Very high energy $e^+e^-$ colliders such as CLIC will allow us to probe 
values of $\Lambda_{E,B}$ up to 
several TeV provided sufficient luminosity, $\sim 1$ ab$^{-1}$,  
is available. To demonstrate this claim we will examine three specific 
processes: Bhabha and  M\"oller scattering, as well as pair annihilation. 
In all cases we assume the incoming $e^-$ direction 
to be along the $z-$axis. 

The first process we consider is Bhabha scattering which proceeds through 
both $s-$ and $t-$channel gauge boson exchanges.
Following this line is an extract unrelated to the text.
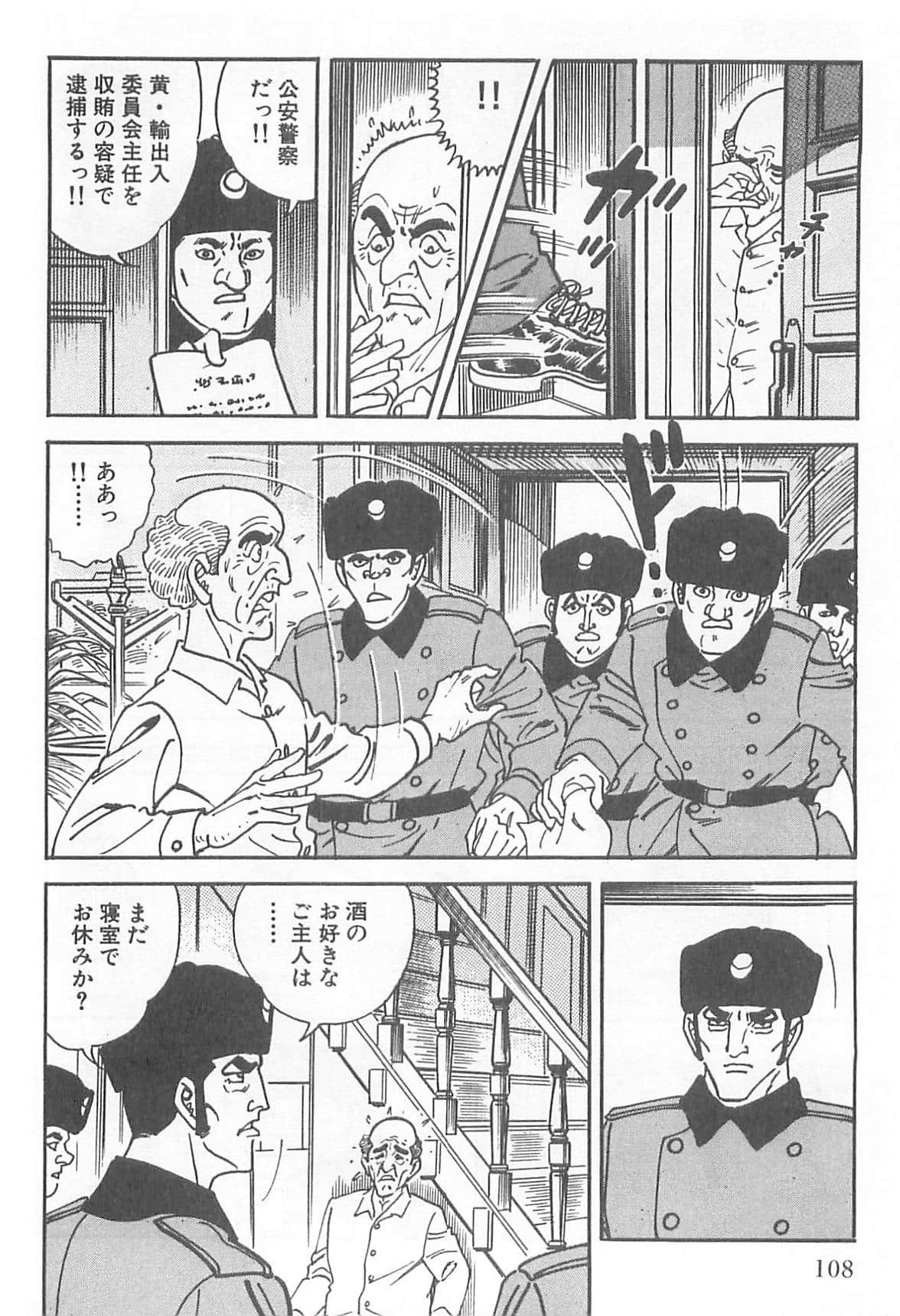 Page 107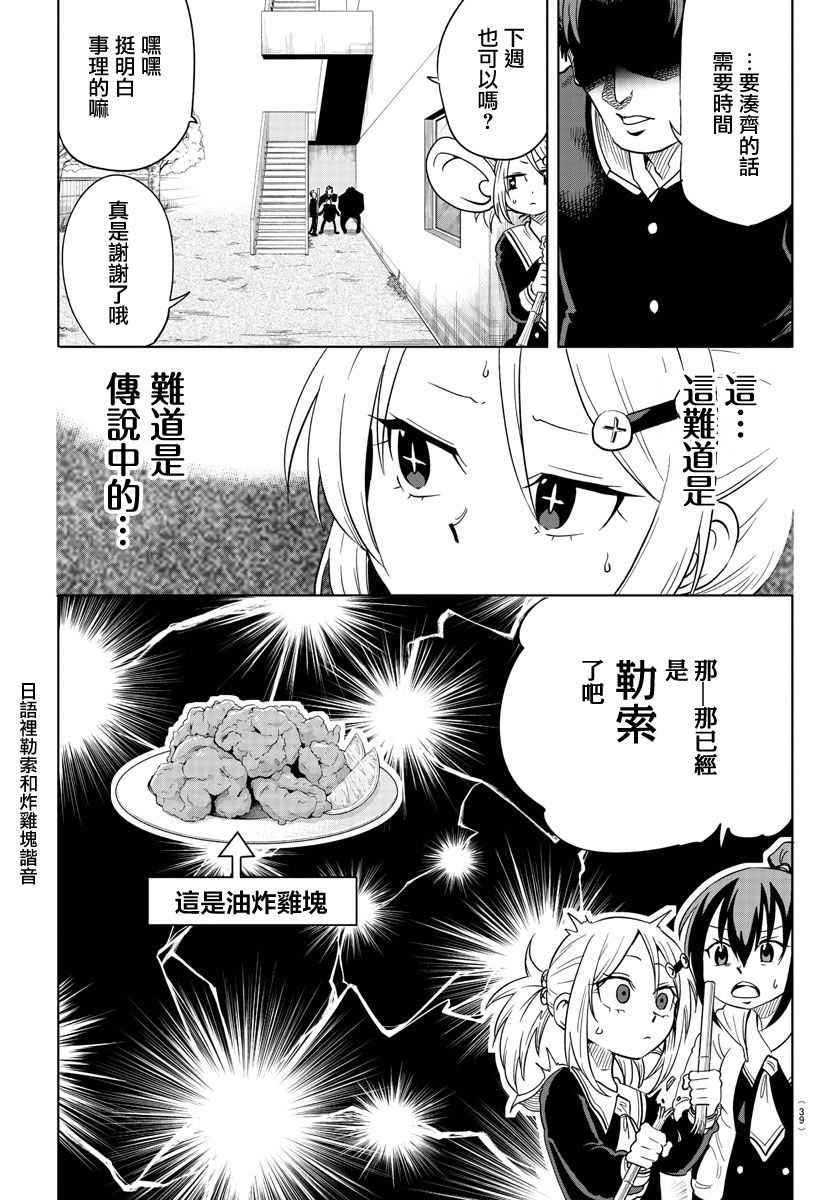 《恋爱智能与谎言》漫画最新章节第1话免费下拉式在线观看章节第【19】张图片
There are no new amplitudes
to consider in this case, 
but each vertex picks up the kinematic dependent phase discussed above. 
As demonstrated{\cite {ncqed}} in our 
earlier work, the NC modifications to the SM result only appear in 
the interference term in the squared matrix element and are sensitive only to 
finite $\Lambda_E$. This NC effect appears through the cosine of the relative 
phase:  $\Delta_{Bhabha}=\phi_s-\phi_t={-1\over {\Lambda_E^2}}
[c_{01}t+{\sqrt {ut}}(c_{02}c_\phi+c_{03}s_\phi)]$, where 
$t$ and $u$ are the usual Mandelstam variables.
Independently of the particular values of $c_{0i}$, the resulting $\cos \theta$ 
distribution is modified; however, for $c_{02}$ and/or $c_{03}$ 
nonvanishing, the cross section also picks up a periodic 
azimuthal (\ie, $\phi$) dependence as is shown in Fig.~\ref {E3064_fig1}. 
While other new physics may lead to modifications of the $\cos \theta$ 
distribution, only Lorentz violation
can induce a $\phi-$dependence in the 
cross section. Note that the $\phi$ 
dependence becomes more pronounced as stiffer cuts on the scattering 
angle, which selects more central events where both $u$ and $t$ are large,
are applied.  We find that  beam polarization is not particularly useful
for NC searches in Bhabha scattering; 
the Left-Right Polarization asymmetry, $A_{LR}$, 
is found to be rather insensitive to NC effects showing, in particular, 
little azimuthal 
dependence. The reach for $\Lambda_{NC}$ in this case is also presented 
in Figure~\ref {E3064_fig1} where we see that it is of order $\sim 1.5\sqrt s$. 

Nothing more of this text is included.